4.2.09

Sol a barlovento


Pocas cosas habían quedado en el recuerdo, pocas entre los dedos, no en la memoria.
Si bien esta última no se borroneó con los años, quedó como impreciso el móvil que había originado, hace más de veinte, el implacable e impostergable deseo de hacer aquel viaje. Posiblemente fuera una de tantas movidas nacidas en la cabeza de otra persona, aunque no sin mi consentimiento, pero no propiamente mías.
Las que suelen contar con mi autoría son más desprolijas, tienen un ligero sabor como acerado y no se jactan precisamente por marcar un itinerario preestablecido. Varias veces he hecho padecer a mi eventual compañía de la insensatez de llegar a un lugar desconocido durante la madrugada sin siquiera un puta dirección de un lugar en donde dormir.
Volviendo: pocas cosas habían quedado en el recuerdo. Algunas fotos byn que monocromáticamente trataron de guardar los ocres y naranjas de la piedra, el rudo olor del viento, la sequedad de un sol seco y el calor de la tierra pegándose insinuante y sutil contra la cara. Y el helado frío hiriente de las madrugadas.
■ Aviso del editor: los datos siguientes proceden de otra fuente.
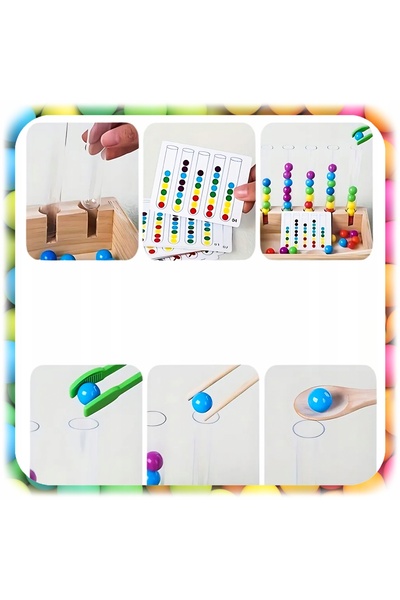 NO BRAND Sortator din lemn pentru copii Puzzle Montessori Joc senzorial cu bi...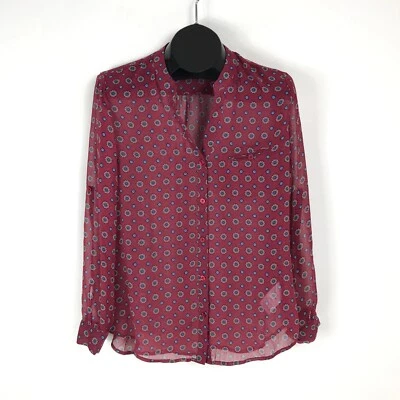 Kut from the Kloth Sheer Button Up Blouse Women's Small Geometric Floral Boho - Image 1 of 4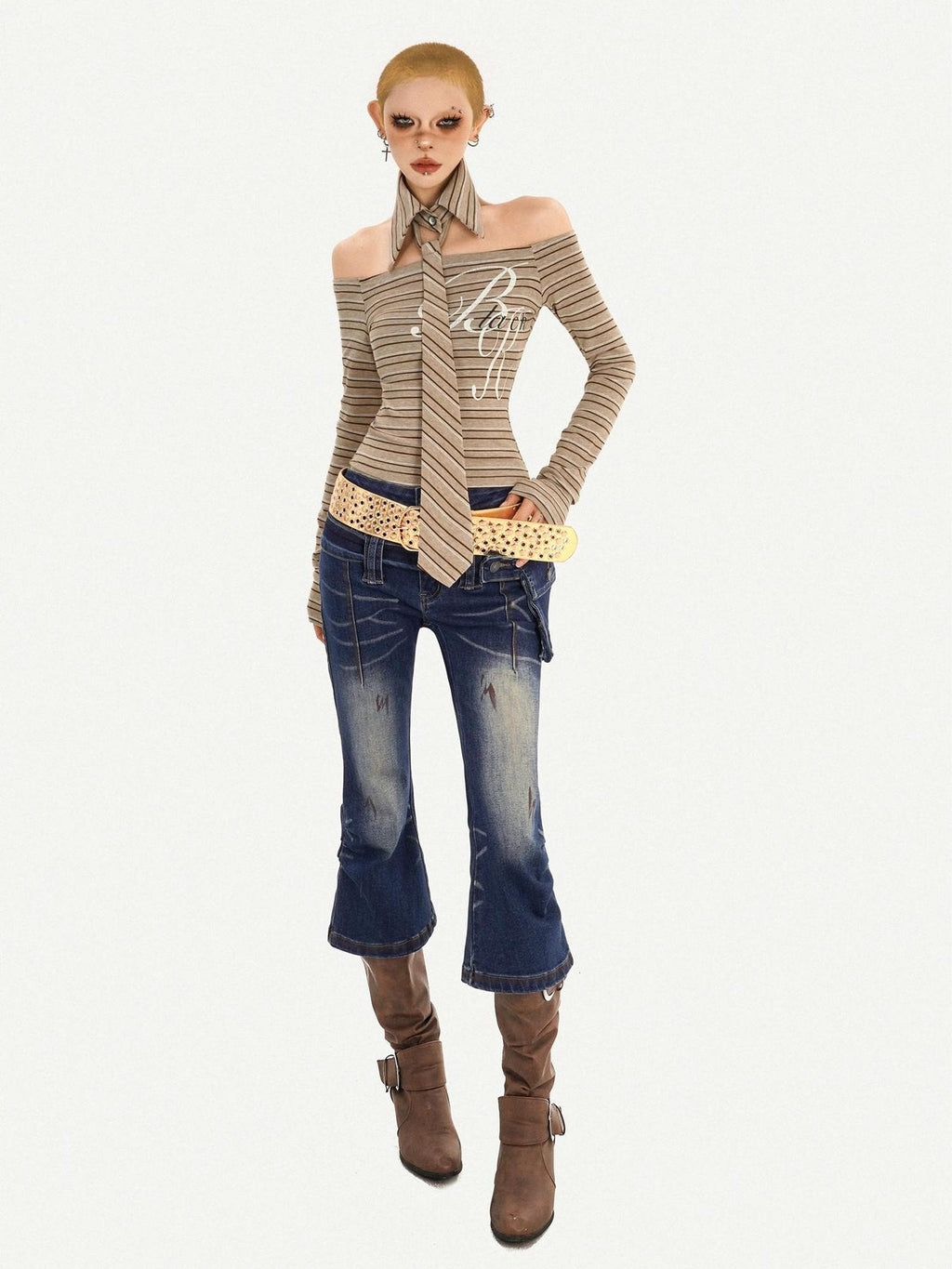 Nico Molly Vintage Slim Fit Polo Collar Striped Womens Casual Knit Long Sleeve T-Shirts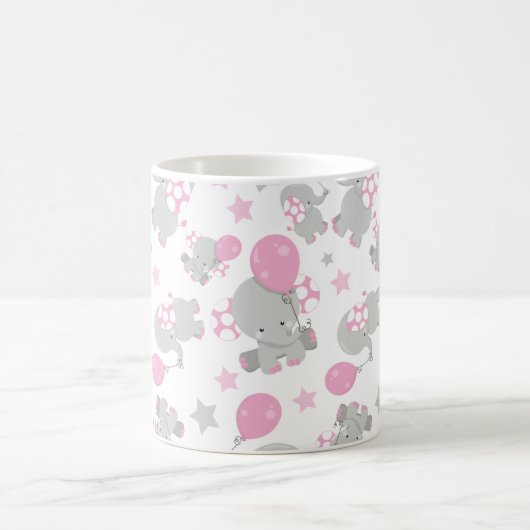 Elefantenmuster, Niedliche Elefanten - rosa grau Kaffeetasse (Mittel)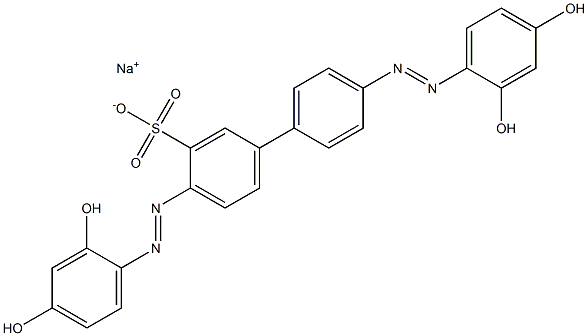 4,4'-Bis[(2,4-dihydroxyphenyl)azo]-1,1'-biphenyl-3-sulfonic acid sodium salt Structure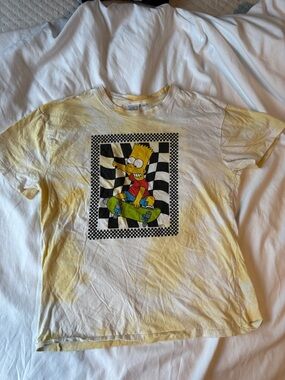 MAD Engine Yellow Bart Simpson Skateboard Checker Tee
Ya casi no las recuerdo, aunque si husmeo un poco en los cajones posiblemente encuentre los negativos de FP4 revelados con Rodinal 1:25.
También quedó uno de los objetos con más antigüedad que suelo contar como posesión celosamente resguardada de tantas otras travesías y convivencias y mudanzas a los apurones: el mate que un amigo me regaló en la terminal de micros, a minutos de mi partida. Recuerdo que me conmoví mucho por aquel acto, tanto que nunca pude describirlo justa y honrosamente como lo merecía.
No quedó mucho más que eso. Pero curiosamente me había prometido volver algún día.
Promesa para mí mismo, no para espíritus fantasmas. Viajar liviano de equipaje ha sido casi siempre el denominador común y egoísta. Viajar sin guardar la tranquilidad de haber llenado el seguro de vida, sin llevar la incómoda premisa de volver con una caja de alfajores, un par de bombachas o un costurero de totora para nadie. Viajar sin despedidas ni llamados de larga distancia para acusar feliz arribo.
Viajar para reconciliar motivos, cuando ya los motivos hubiesen acumulado demasiado polvo en los estantes y, los más, haberse agrietado con el paso de demasiados inviernos.